Mumbai’s luxury Taj Mahal Palace & Tower, favored by royalty, rock stars and tycoons, is opening its century-old heritage rooms almost two years after terrorists attacked guests and staff and set fire to the hotel.

The Taj Mahal The Palace Wing opens on Aug. 15, India’s Independence Day, with guests offered free nights in suites costing as much as $1,450 a night, the hotel’s website says. The Taj, in India’s financial capital, closed after 10 terrorists killed 166 people in November 2008 in attacks that also hit Oberoi Hotels & Resorts, a railway station and a cafe.

“I would definitely come back to stay at the Taj,” said Singapore-based Samir Arora, founder of hedge fund Helios Capital Management Pte. “The best feature about the Taj was its lobby which was always bustling with activity and energy. Just for the fond memories I have of the place and out of respect I will come back.”
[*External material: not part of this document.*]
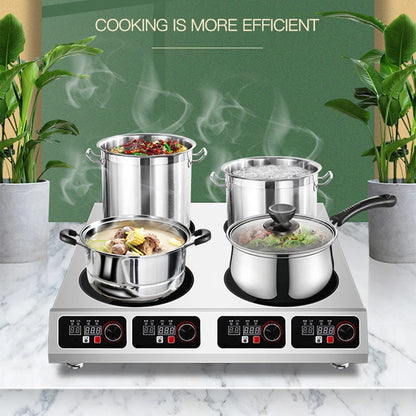 Warranty CE 3500W Industrial Hotel Restaurant Stainless Steel Electric 4 Burner Commercial Induction Cooker Manufacturer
Arora, who was chief investment officer at Alliance Capital Management Holding LP’s Indian fund management unit from 1998 to 2003, said the firm held a party at the Taj to mark six years in India, attended by Bollywood star Amitabh Bachchan.
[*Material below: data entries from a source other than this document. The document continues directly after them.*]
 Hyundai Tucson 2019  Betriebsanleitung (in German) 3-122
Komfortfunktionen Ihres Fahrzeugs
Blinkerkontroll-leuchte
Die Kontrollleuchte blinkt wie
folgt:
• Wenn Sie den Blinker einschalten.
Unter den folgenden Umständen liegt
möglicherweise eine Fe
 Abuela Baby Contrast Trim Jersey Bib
The Taj has spent 1.75 billion rupees ($37 million) to restore the hotel, said Anil Goel, executive director of finance. The heritage wing, renamed the Taj Mahal Palace Mumbai, has been under renovation since gunmen armed with rifles and grenades stormed the 107-year-old hotel, taking hostages and burning rooms that once accommodated Mick Jagger, Jacqueline Onassis, Yehudi Menuhin and Prince Charles.

Beatles Help

A black-and-white photo on the website of the hotel’s owner, Tata Group, recalls the time the Beatles’ George Harrison checked in under an assumed name to study the sitar under Ravi Shankar. Shankar donated one of his sitars for a new duplex suite named after him, which will open later this year in the refurbished Palace wing.

The Taj, on the city’s Colaba waterfront, is aiming to win back customers with a complimentary night for every night spent in its suites and a third night free for every two nights at the Luxury Grande rooms in the restored wing.
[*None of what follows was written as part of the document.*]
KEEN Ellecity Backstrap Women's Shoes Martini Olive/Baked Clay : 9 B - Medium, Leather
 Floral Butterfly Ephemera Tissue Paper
A stay in the luxury suite includes 24-hour personalized butler service and airport transfers by Jaguars and Bentleys, says Ajoy Misra, senior vice president of sales and marketing. A complementary bottle of wine, cocktails and hors d’oeuvres at the Palace Lounge along with after-dinner chocolates and cognacs, are part of the offer, according to the hotel’s website.

Italian Marble

The renovation has added amenities such as ergonomic furniture, a home theater system and bathrooms with Italian marble and rain shower heads, the website shows.

The 5,000 square foot (465 square meter) Tata Suite, named after the owner Ratan Tata and the property’s most expensive, will reopen in September, said Raymond Bickson, managing director of Indian Hotels Co., which runs the Taj.

The 285-room Palace wing will include 42 suites of which 19 are themed, such as the Coral, Maratha, Dutch and Dolphin. Grand Luxury Suites are priced at 170,000 rupees a night, while the Luxury and Executive suites will cost 120,000 rupees and 95,000 rupees respectively, according to the website.

The Taj’s tower wing, built in the 1970s, and the Oberoi’s Trident Hotel resumed operations in Dec. 2008.

The Oberoi’s 868 square-foot Premier Suite with ocean views whose rack rate is 90,000 rupees is selling for 50,600 rupees a night and offers a separate living room and two 40 inch flat screen televisions, according to its website. The hotel’s Presidential suites are priced at 300,000 rupees a night.

Mumbai Landmark

The Taj has been a landmark of Indian freedom since before the last garrison of British troops lined up in front of the hotel prior to leaving the country after independence in 1947. Jamsetji Tata is said to have built the Taj Mahal after being refused entry to one of the city’s best hotels, Watson’s, which only allowed whites, the Times of India said in a 2005 article.

The hotel is favored for gatherings by Mumbai’s elite as much as by foreign tourists, hosting parties and events for local glitterati and Bollywood stars such as Yash and Avanti Birla, Parmeshwar Godrej and Aishwarya Rai.